Now, if you are completely unfamiliar with this game or perhaps the genre at large, it’s actually very simple. Each stage is a song, wherein a character will rap a phrase, and then you have to rap it back at them. This is accomplished by pressing corresponding buttons that appear on a bar at the top of the screen as PaRappa’s icon passes over them. Typically, you want to hit the button right on time, but every other rhythm game will allow a little wiggle room in either direction. You know, because rewarding only perfect timing would be more maddening than fun.

PaRappa… doesn’t follow these rules at all. I spent maybe and hour and a half with the game, and I still have no idea when it actually wants me to press the buttons. It seems completely arbitrary, as even when I hit every note with (as far as I can tell) perfect timing, there’s a 50% chance that the game will see fit to detract points from my score. Sometimes it seems like the game would prefer me to hit the button a little bit ahead of the cue, sometimes a little bit after. This appears to change not even with every song, but with every phrase. It’s literally impossible to suss out what the game really wants from me. At this point, I think it might be actively trying to infuriate me.

Compounding the problem is that PaRappa’s vocals will accompany each button press, and they will totally throw you off. If your timing is imprecise, his raps will be stuttery and incomplete. If your timing is perfect, they’ll flow like a river. But in my experience, the better his rhymes flowed, the more likely the game was to penalize me. For whatever reason, the jumpy stutter-rapping scored better more often. There are options to “Feel the Beat” (enable rumble) and “See the Beat” (I noticed no difference), but they didn’t help at all in figuring out the correct timing.

It’s all really too bad, as the rest of the game is wonderful. The weird paper style of the visuals is a little dated, but I still think the game looks rad. The story that goes along with those visuals is a little formulaic, but it’s cute and usually pretty funny. And like I said before, the music is excellent. These are tracks that I often listen to independent of the game.

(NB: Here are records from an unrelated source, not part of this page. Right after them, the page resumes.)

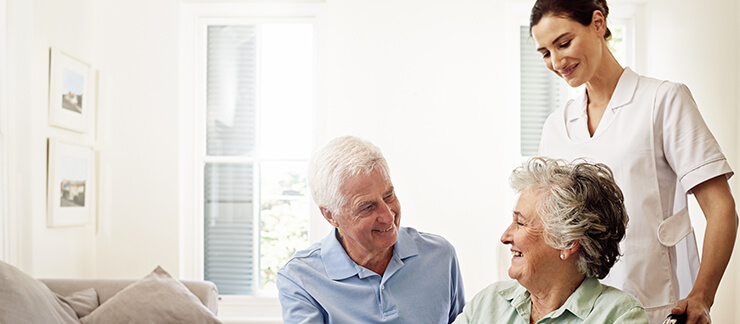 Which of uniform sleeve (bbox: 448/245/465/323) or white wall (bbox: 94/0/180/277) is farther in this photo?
white wall (bbox: 94/0/180/277)

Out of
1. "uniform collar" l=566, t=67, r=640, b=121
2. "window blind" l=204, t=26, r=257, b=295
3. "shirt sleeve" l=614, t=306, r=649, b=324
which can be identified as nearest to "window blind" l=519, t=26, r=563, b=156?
"window blind" l=204, t=26, r=257, b=295

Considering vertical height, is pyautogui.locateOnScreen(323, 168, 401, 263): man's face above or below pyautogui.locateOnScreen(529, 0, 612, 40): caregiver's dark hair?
below

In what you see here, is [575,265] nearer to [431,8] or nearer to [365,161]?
[365,161]

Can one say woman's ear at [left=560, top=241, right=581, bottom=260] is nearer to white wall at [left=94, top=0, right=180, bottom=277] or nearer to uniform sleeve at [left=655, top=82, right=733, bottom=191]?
uniform sleeve at [left=655, top=82, right=733, bottom=191]

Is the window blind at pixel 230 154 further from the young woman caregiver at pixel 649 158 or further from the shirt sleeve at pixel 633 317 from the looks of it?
the shirt sleeve at pixel 633 317

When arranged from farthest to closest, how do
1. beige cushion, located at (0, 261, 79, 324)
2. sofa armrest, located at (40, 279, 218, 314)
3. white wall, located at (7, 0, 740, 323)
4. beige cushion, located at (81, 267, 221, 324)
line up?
white wall, located at (7, 0, 740, 323) < sofa armrest, located at (40, 279, 218, 314) < beige cushion, located at (81, 267, 221, 324) < beige cushion, located at (0, 261, 79, 324)

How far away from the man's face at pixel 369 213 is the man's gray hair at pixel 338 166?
0.05 ft

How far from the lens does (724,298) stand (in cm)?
392

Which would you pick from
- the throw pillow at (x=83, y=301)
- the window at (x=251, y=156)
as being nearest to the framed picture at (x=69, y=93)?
the window at (x=251, y=156)

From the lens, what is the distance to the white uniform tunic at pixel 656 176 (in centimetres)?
176

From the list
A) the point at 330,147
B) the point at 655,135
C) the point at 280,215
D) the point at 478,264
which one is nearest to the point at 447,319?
the point at 330,147

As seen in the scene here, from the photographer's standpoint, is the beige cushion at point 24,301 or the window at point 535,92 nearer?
the beige cushion at point 24,301

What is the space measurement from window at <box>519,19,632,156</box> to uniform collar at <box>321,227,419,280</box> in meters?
2.32

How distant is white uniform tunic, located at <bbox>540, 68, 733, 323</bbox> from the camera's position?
1760 millimetres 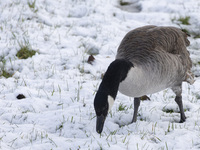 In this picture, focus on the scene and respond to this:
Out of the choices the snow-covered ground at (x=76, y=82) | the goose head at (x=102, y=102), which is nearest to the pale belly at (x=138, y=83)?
the goose head at (x=102, y=102)

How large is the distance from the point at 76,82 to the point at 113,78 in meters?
2.24

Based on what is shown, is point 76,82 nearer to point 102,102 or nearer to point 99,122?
point 99,122

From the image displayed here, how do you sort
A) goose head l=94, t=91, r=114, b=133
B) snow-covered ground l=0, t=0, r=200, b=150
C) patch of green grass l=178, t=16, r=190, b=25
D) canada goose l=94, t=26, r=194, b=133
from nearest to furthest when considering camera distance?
goose head l=94, t=91, r=114, b=133 → canada goose l=94, t=26, r=194, b=133 → snow-covered ground l=0, t=0, r=200, b=150 → patch of green grass l=178, t=16, r=190, b=25

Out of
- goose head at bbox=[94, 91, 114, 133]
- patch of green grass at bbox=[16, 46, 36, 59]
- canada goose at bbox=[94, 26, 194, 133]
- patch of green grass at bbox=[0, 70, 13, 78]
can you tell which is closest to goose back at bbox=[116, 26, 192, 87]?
canada goose at bbox=[94, 26, 194, 133]

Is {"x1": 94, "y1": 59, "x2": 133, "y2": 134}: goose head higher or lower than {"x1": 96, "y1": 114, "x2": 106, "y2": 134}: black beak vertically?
higher

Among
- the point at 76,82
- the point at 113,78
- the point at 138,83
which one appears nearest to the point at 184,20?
the point at 76,82

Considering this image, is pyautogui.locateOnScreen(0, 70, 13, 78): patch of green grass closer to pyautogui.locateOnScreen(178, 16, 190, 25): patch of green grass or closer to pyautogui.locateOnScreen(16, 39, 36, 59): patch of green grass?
pyautogui.locateOnScreen(16, 39, 36, 59): patch of green grass

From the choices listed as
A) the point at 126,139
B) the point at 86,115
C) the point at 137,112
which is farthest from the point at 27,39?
the point at 126,139

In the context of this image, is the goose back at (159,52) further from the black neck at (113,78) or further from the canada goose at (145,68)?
the black neck at (113,78)

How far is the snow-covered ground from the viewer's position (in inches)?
137

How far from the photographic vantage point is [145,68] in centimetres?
361

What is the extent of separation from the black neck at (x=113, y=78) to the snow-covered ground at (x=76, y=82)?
0.63 metres

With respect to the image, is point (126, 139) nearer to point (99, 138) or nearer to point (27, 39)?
point (99, 138)

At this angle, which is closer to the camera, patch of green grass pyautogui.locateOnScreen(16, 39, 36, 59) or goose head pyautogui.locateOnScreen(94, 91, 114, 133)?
goose head pyautogui.locateOnScreen(94, 91, 114, 133)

If PaRappa was a little more forgiving, I could see myself going back to it to play for trophies and maybe even just for fun, but as it stands, I almost feel like I’ve been swindled on this one. Admittedly, I should have known better, because I’ve been frustrated with PaRappa before on more than one occasion, and I’ve spent countless hours trying to get in the groove with Um Jammer Lammy, which has all the exact same issues. I suppose that I was just hoping that the HD remaster would have a softer touch.

The worst thing about it all, though? I’ll absolutely buy Um Jammer Lammy Remastered as well, if it should ever happen.

Mistakes have been made

You remember when I bought those gross peanut butter Clif bars that didn’t taste at all like peanut butter, and then pledged to but Larabars instead? Well, I did that.

I foolishly tried the peanut butter Larabars, though. While they do taste of peanut butter, the only other ingredient is dates. And peanuts, I guess. The point though, is that peanut butter and dates are not a good combo. Yuck. Better than the Clif bar, but not by a lot.

The good news is that the apple-flavoured Larabars are really delicious! Good thing I bought both!

Foreign Heroics

One of the coolest little features about Nintendo Switch is that is 100% region-free. This is a nice change from 3DS and every Nintendo home console since the Gamecube. Not that I import all that many games, but it’s nice to know that I can, should there ever be something worth the effort. Mark my words, if Nintendo ever releases another Ouendan game, I will be there day one.

The various Switch eShops of the world have been nearly identical in terms of games available, with the occasional discrepancy usually clearing itself up within a week. So I haven’t really had a reason to set up foreign accounts as of yet. But my curiosity had been building up for a whole month, so I finally released the load and created a Japanese Nintendo Account. It was almost unbelievably easy, and took roughly five minutes from start to eShop. Well, aside from the hour I had to wait because I just so happened to get to the eShop part while it was down for scheduled maintenance.